According to Bermuda Biodiesel president Stavros Walsh and vice president Paul Farrington the fuel would not only recycle a harmful waste product, it also burned much cleaner than regular diesel and was just as powerful and cheaper to buy.

"We are looking at two-thirds pump price," Mr. Walsh said yesterday.

"It will be cheaper." Mr. Walsh said burning massive amounts of cooking oil at Tynes Bay Incinerator clogged the grates which shut it down.

There were more than 400 restaurants in Bermuda ? excluding hotel kitchens ? that all used cooking oils which were either taken to the incinerator or poured down the drain, he said. This meant the Island was throwing away a potential bio-fuel.

It is not known how much oil gets thrown away in Bermuda. However, at the weigh-bridge incinerator between a Monday and a Friday in October 2003, he said, the Corporation of Hamilton alone dropped off between eight and ten tons of cooking oil.

"In summer that quadruples," he said.

The Health Department recommends that oil to fry vegetables gets changed every three days and oil to fry meat or fish, every two days, he said.

It takes 16 litres of oil to fill just one fryer and some big restaurants can have 15 industrial fryers, he said.

"Ultimately we want to go public with this," Mr. Walsh said. "We ultimately want to produce bio-fuel here on the Island for Government vehicles, taxis, school buses carrying kids, Belco, boats."

The process involves getting raw cooking oil and adding a caustic to it which causes a chemical reaction.

"For every litre of cooking oil used 92 percent of that is workable biodiesel," he said, adding the other eight percent becomes glycerin which can be used to make soap or burned to make electricity.

Eventually, participating surveyed restaurants will be provided with a way to filter and store their used oil so it can be easily collected by Bermuda Biodiesel, he said.

Mr. Walsh said Biodiesel was safe to use in engines as there is no difference in engine power and it will be certified to American Society of Testing and Materials (ASTM) standards.

While the company's project is ready to roll, it is still looking to finalise a location for a facility. The East End is preferred.

"Our biggest stumbling block at the moment is actually funding for all this," he said, adding the XL Foundation had already pledged support.

"Biodiesel, water and ice are all required by the commercial fishing industry in shore side facilities," he said. "We plan to produce all on the same site, using only alternative energy. It all ties in with the Ministry of Environment's White Paper on the Marine Environment and the Fishing Industry in Bermuda."

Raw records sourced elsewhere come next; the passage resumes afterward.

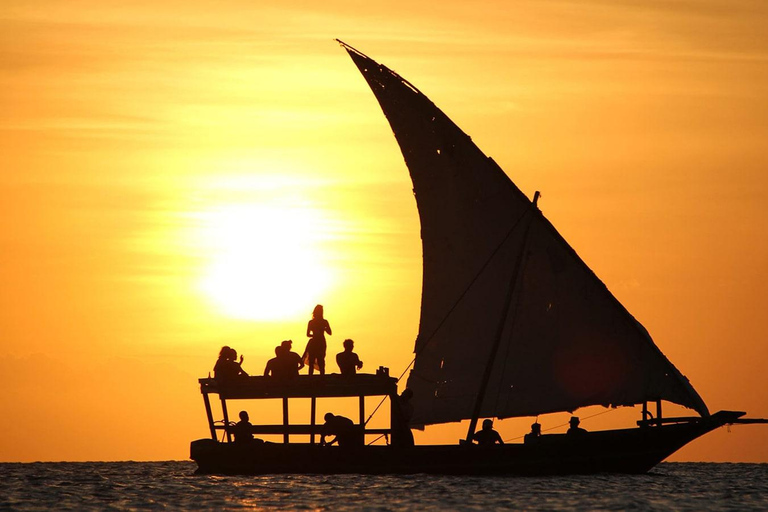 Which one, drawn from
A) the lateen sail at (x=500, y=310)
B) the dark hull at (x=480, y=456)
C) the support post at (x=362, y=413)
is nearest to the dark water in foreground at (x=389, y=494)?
the dark hull at (x=480, y=456)

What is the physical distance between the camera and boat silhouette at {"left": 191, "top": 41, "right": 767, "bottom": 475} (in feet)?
147

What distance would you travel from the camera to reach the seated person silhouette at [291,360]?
44875 millimetres

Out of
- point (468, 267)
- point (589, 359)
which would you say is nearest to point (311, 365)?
point (468, 267)

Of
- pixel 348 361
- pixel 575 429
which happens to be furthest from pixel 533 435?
pixel 348 361

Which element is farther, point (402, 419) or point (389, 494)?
point (402, 419)

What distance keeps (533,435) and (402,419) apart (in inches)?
173

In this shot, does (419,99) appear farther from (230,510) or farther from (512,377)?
(230,510)

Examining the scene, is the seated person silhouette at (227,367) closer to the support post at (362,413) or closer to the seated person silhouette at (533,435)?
the support post at (362,413)

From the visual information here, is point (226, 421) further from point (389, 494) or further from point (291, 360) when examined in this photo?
point (389, 494)

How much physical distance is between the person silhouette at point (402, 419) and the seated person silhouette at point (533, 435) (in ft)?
12.2

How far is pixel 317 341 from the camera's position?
43688mm

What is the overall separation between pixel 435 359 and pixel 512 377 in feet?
8.45

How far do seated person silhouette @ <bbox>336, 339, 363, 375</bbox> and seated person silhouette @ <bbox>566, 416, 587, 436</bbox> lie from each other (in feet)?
23.7

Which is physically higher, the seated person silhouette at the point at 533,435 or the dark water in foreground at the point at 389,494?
the seated person silhouette at the point at 533,435
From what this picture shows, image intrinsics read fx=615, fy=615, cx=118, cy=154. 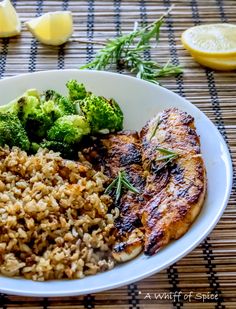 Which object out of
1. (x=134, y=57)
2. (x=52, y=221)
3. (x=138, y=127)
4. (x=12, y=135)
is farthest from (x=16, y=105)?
(x=134, y=57)

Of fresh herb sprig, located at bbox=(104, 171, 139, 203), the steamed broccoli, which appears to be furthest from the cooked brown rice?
the steamed broccoli

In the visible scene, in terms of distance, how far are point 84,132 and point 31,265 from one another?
710 millimetres

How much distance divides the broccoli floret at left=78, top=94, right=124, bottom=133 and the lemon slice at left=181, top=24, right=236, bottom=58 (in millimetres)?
816

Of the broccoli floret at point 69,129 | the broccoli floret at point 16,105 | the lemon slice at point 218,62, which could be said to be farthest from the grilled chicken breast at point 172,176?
the lemon slice at point 218,62

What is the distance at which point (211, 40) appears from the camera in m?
3.25

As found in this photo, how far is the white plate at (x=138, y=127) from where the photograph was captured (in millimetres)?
1954

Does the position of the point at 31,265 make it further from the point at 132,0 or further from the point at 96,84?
the point at 132,0

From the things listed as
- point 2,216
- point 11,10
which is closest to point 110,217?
point 2,216

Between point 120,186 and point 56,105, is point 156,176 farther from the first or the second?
point 56,105

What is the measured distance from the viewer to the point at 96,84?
9.16 feet

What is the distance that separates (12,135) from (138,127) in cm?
57

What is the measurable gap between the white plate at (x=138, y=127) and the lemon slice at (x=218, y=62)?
0.58m

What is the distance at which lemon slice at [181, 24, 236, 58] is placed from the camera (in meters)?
3.17

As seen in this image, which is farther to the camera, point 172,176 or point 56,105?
point 56,105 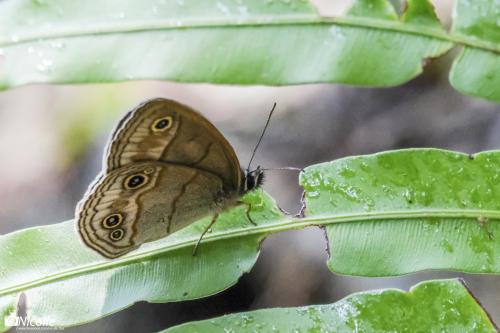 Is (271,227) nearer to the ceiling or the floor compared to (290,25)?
nearer to the floor

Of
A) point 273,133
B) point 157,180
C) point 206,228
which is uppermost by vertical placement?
point 157,180

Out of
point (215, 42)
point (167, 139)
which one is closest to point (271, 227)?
point (167, 139)

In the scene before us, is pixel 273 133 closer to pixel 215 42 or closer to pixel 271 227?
pixel 271 227

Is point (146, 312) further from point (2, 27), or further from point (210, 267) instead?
point (2, 27)

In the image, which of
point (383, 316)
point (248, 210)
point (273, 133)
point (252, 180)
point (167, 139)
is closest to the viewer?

It could also be used to educate students, the general public or tourism, Mr. Walsh said.

"Not many kids ever get told an engine can be run off peanut oil. The idea is once we can showcase it here and make it all work is to maybe set other countries up a bit like Bermuda."

They will first go to construction companies to get them to use the fuel but ultimately would like to see green biodiesel pumps in local gas stations, like you might have seen in Europe in the last 20 years or the US for the last five years, he said.

It would also put an end to getting stuck behind a smelly truck or bus exhaust, he said.

"You can stand right behind that muffler and you won't even see anything coming out," Mr. Farrington said. "It would smell like whatever restaurant you took it from."